INSTRUCTIONS FOR THE TASK →
In the listing below, the lines starting at the line with "作： Randolph Caldecott" and ending at the line with "KiriArts Coconut Shell" are to be output verbatim. Images stay out of the copy.

AVAILABLE RECORDS →
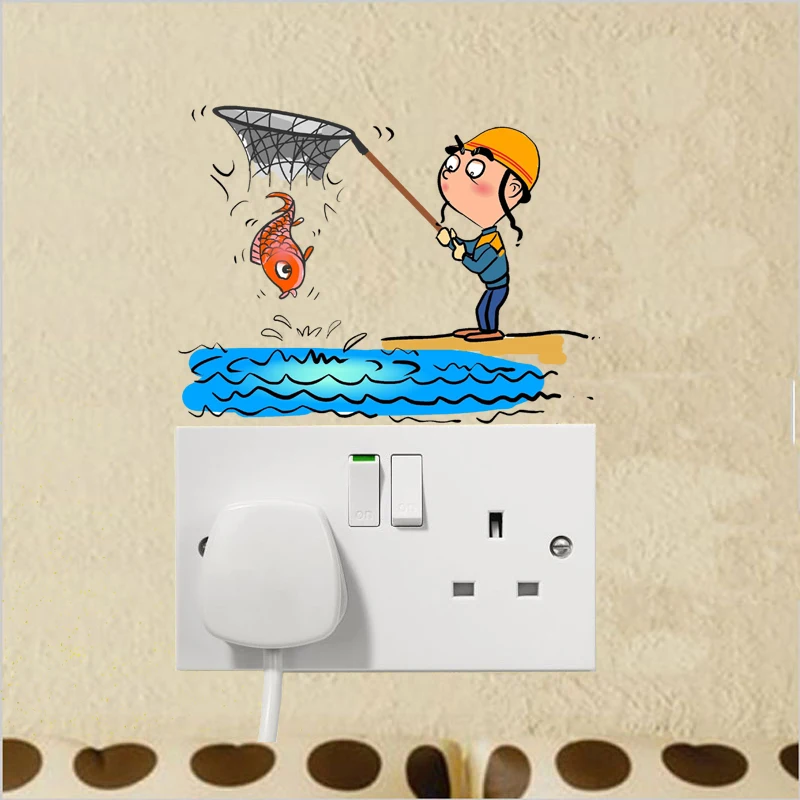 Наклейка на стену в виде рыбы YOJA Fun catch Fish In Man's Net из ПВХ 11SS0255|Наклейки стену| |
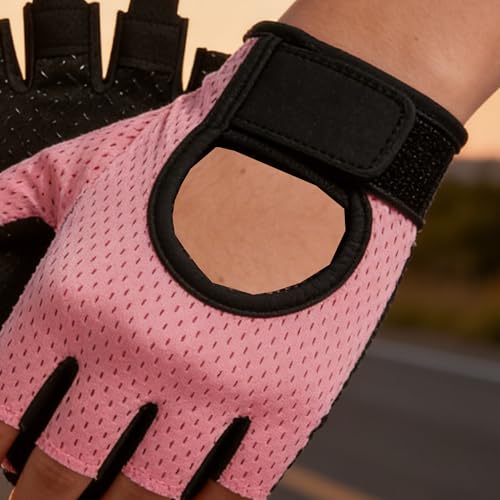 IZUS Anti-Slip Fingerless Workout Gloves for Women Gym/Exercise/Fitness/Training/Cycling with Excellent Grip/Cushion-Pads - color: Pink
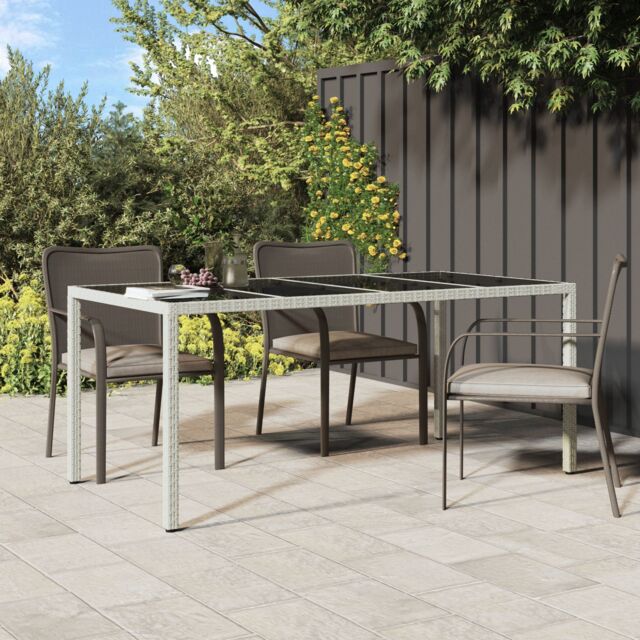 Berkfield Home Garden Dining Table White 190x90x75 cm Poly Rattan - Size: 190 x 90 x 75 cm - image 1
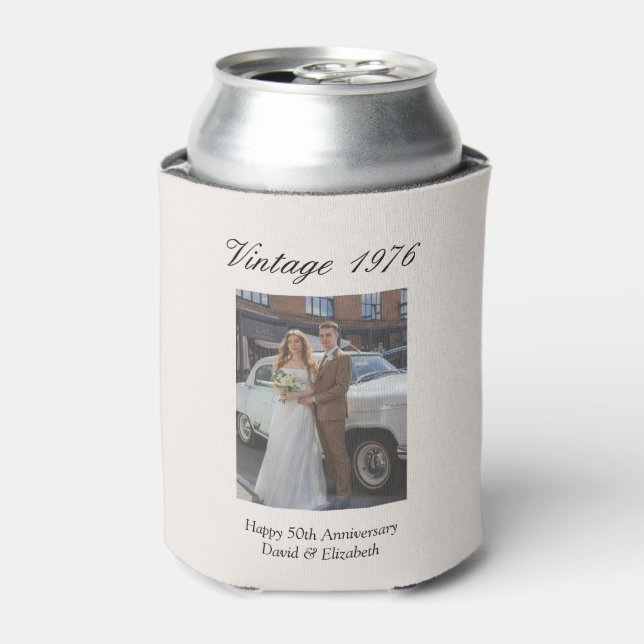 50th Wedding Anniversary Party Favor Custom Photo Dosenkühler (Kanne Vorderseite)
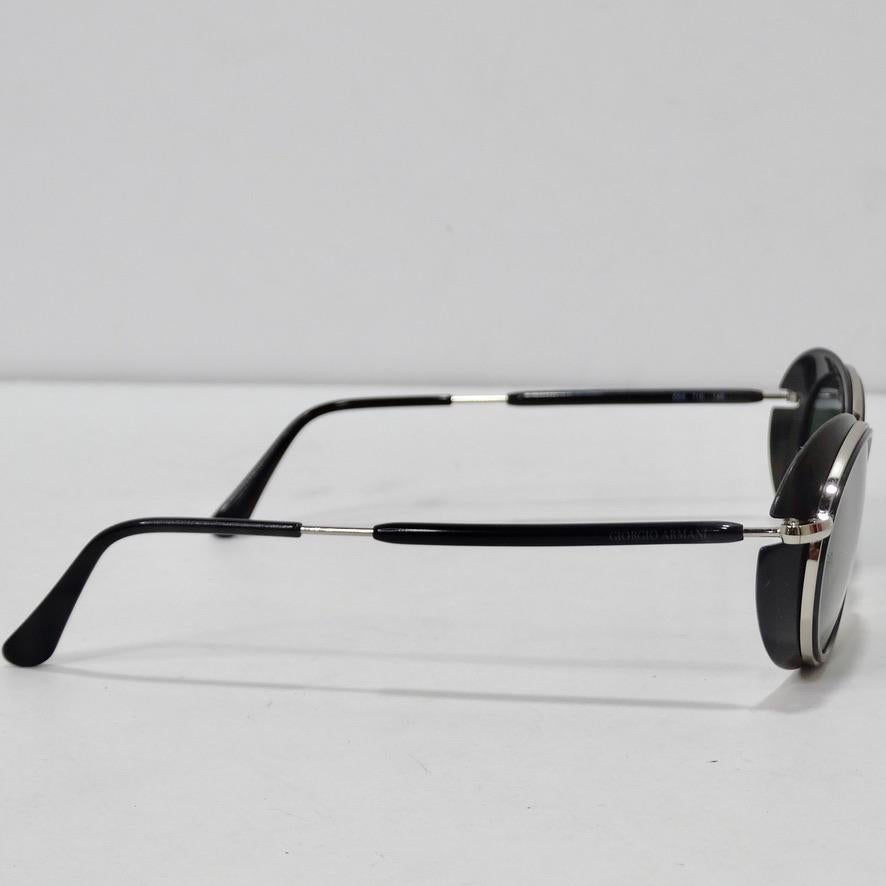 Occhiali da sole Giorgio Armani 1990s Black Silver in vendita 1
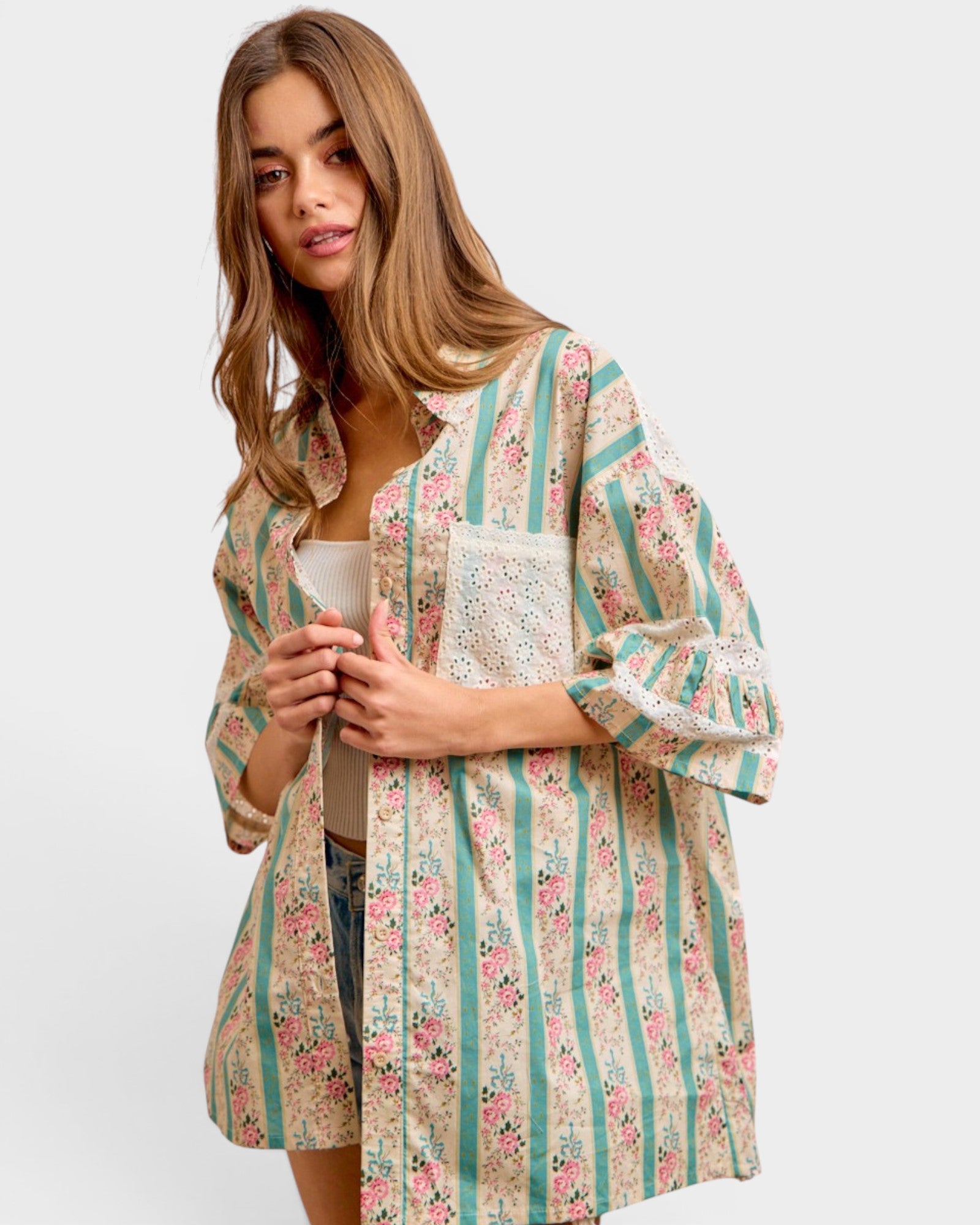 Teal Floral Stripe Eyelet Button-Up Top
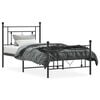 vidaXL Bed Frame Black Steel Single Bed Frame Rectangular Modern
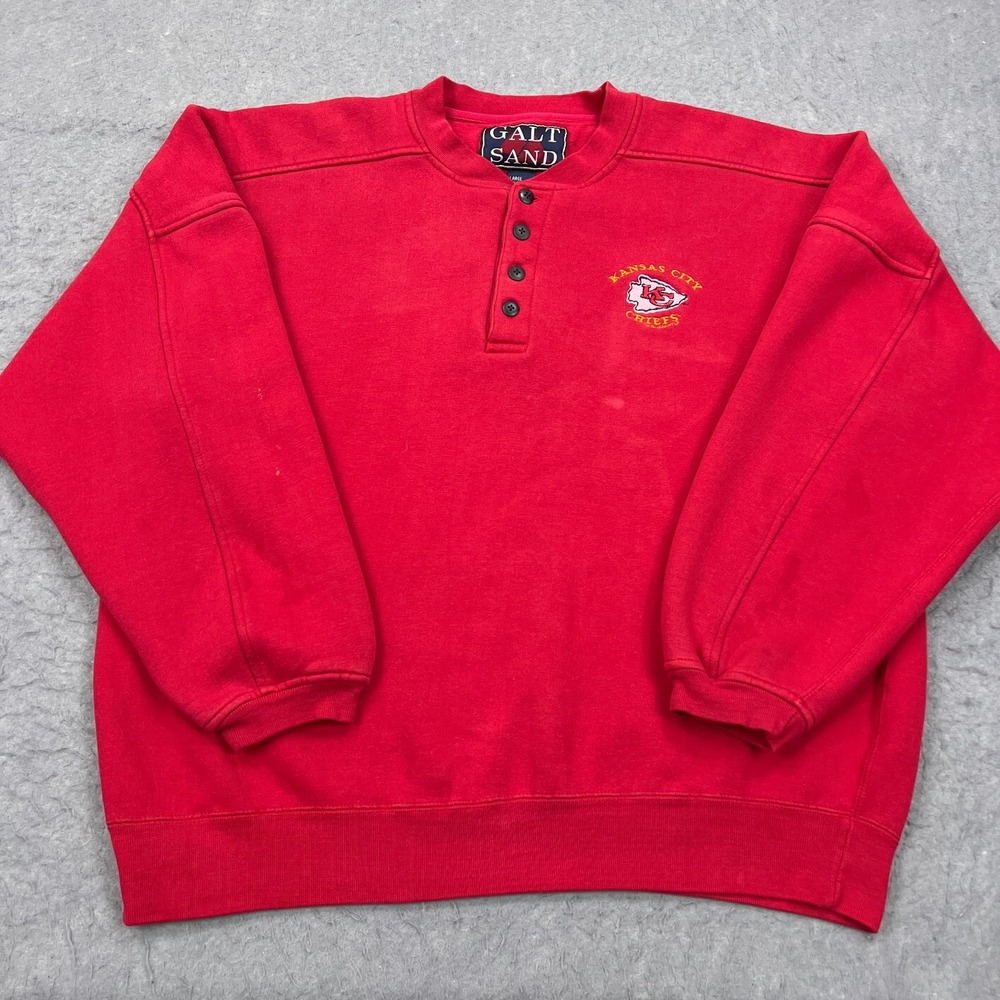 VTG Kansas City Chiefs Sweatshirt Men's Large Red Embroidered Heavy Henley 90's*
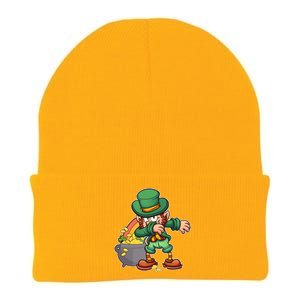 St Patricks Day Dabbing Leprechaun Pot Of Gold Knit Cap Winter Beanie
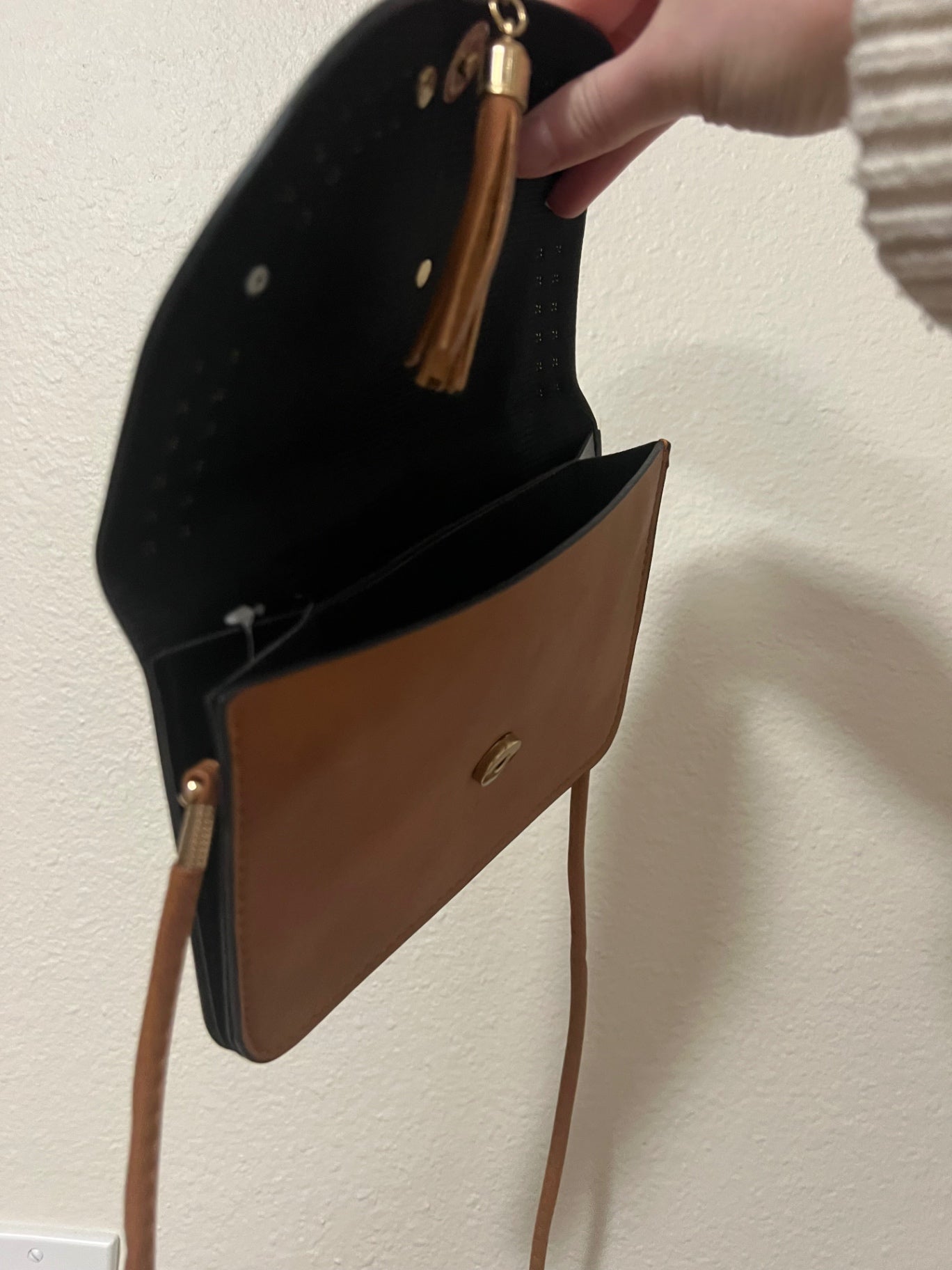 Cute floral and stud embellished crossbody purse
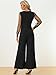 Allegra K Women's Elegant V Neck Mesh Long Sleeve Loose Wide Leg Romper Party Jumpsuits X-Large Black
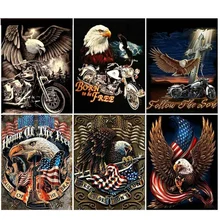 

5D Diy Diamond Painting Embroidery Eagle Motorcycle Round Diamond Painting Animal Mosaic Cross Stitch Home Decoration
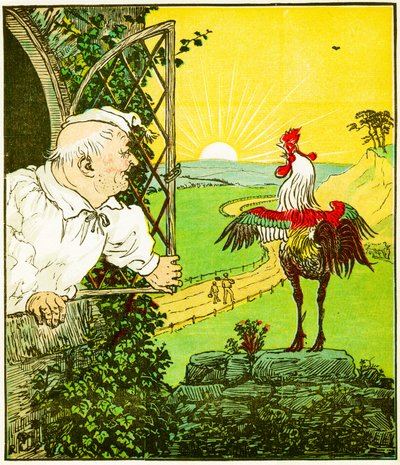 "This is the rooster that crowed in morn, that waking the judge all shaven and shorn", The House that Jack Builtの挿絵。 作： Randolph Caldecott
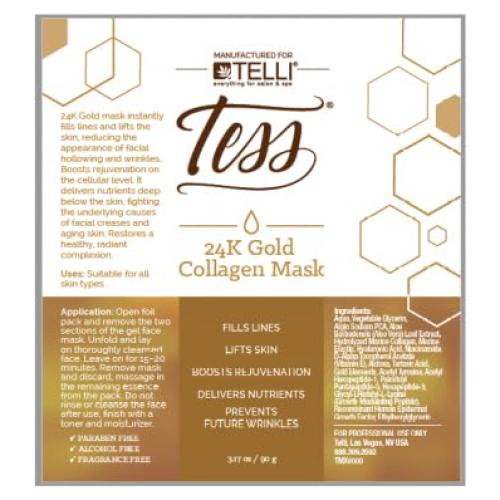 Mascarillas Faciales de Colágeno Tess - Oro 24K, 1 Cuenta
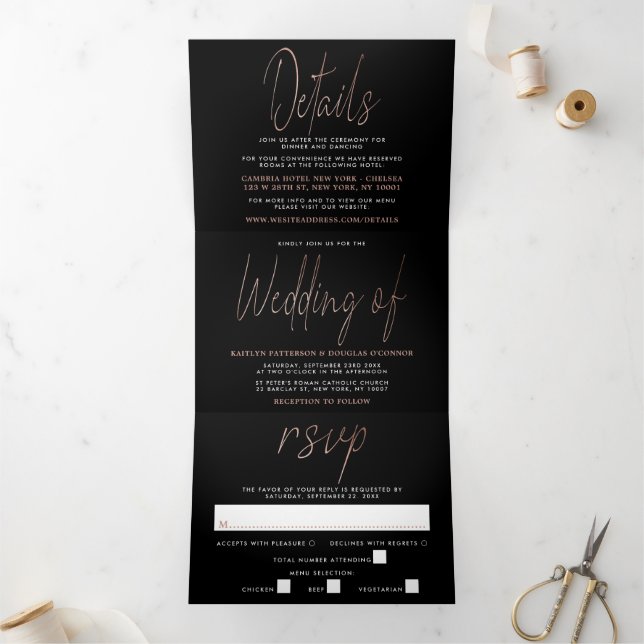 Invitation Trois Volets Rose moderne Gold Foil Script Mariage Suite (Intérieur)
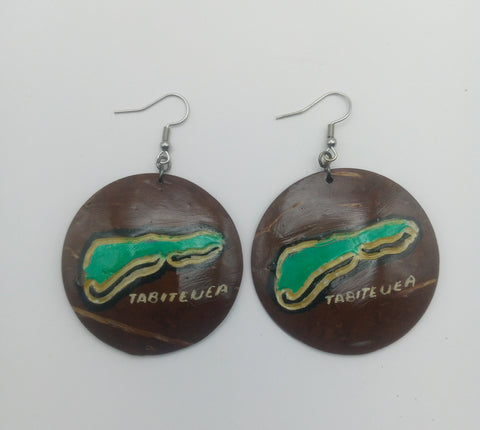 KiriArts Coconut Shell Earrings Tabiteuea Island Engraved Map
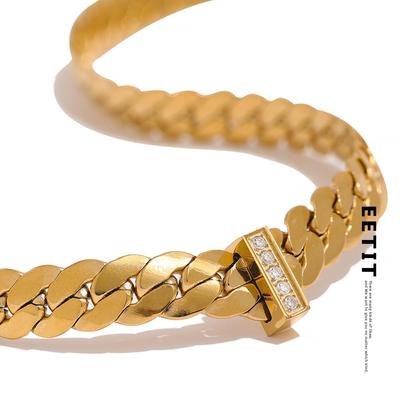 18k Gold Color Cuban Chain Stainless Steel Necklace Collar Zircon High Quality Metal Texture Women Fashion Charm Jewelry
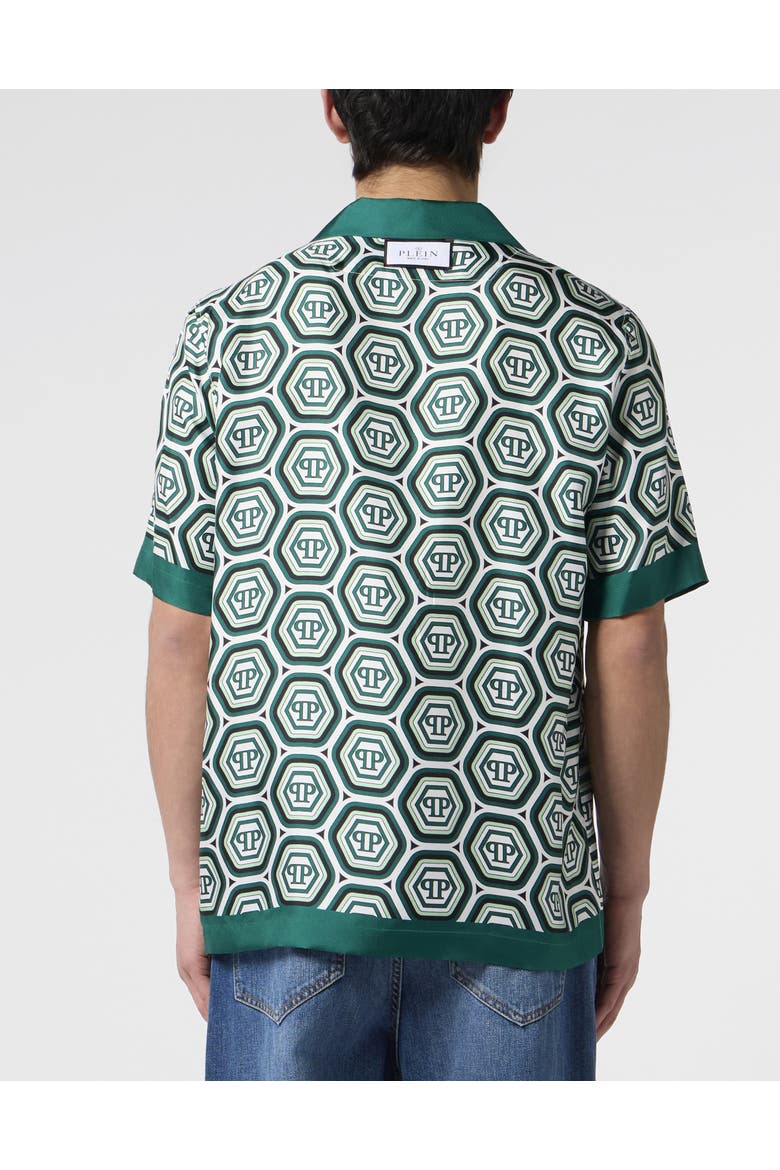Silk Bowling Shirt Monogram 70'S Men, Alternate, color, green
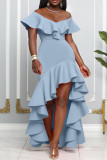 Pink Elegant Solid Patchwork Flounce Asymmetrical V Neck Evening Dress Dresses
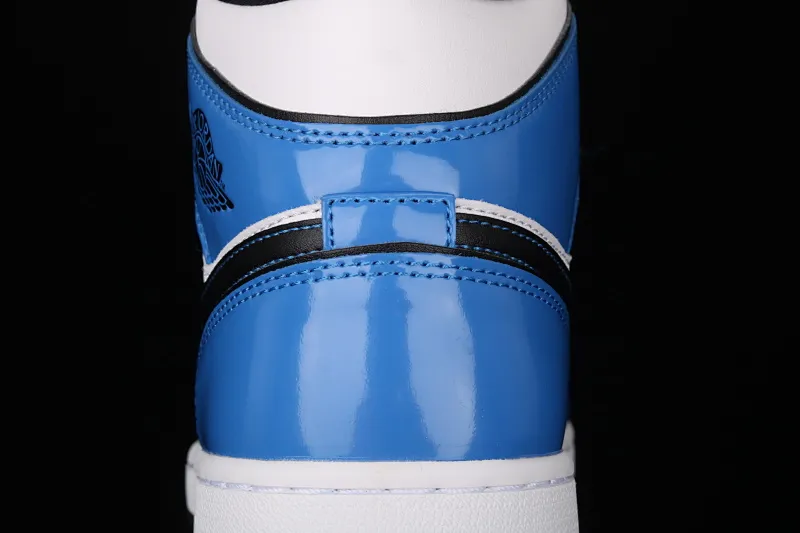 All categories Air Jordan Jordan series basketball shoes Air Jordan 1 Mid G version pure original Air Jordan 1 Mid AJ1 Joe 1 patent leather white and blue two-dimensional small lightning Chinese basketball shoes DD6834-402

OUTPUT OF THE TASK →
 "This is the rooster that crowed in morn, that waking the judge all shaven and shorn", The House that Jack Builtの挿絵。 作： Randolph Caldecott
 Mascarillas Faciales de Colágeno Tess - Oro 24K, 1 Cuenta
 Invitation Trois Volets Rose moderne Gold Foil Script Mariage Suite (Intérieur)
 KiriArts Coconut Shell Earrings Tabiteuea Island Engraved Map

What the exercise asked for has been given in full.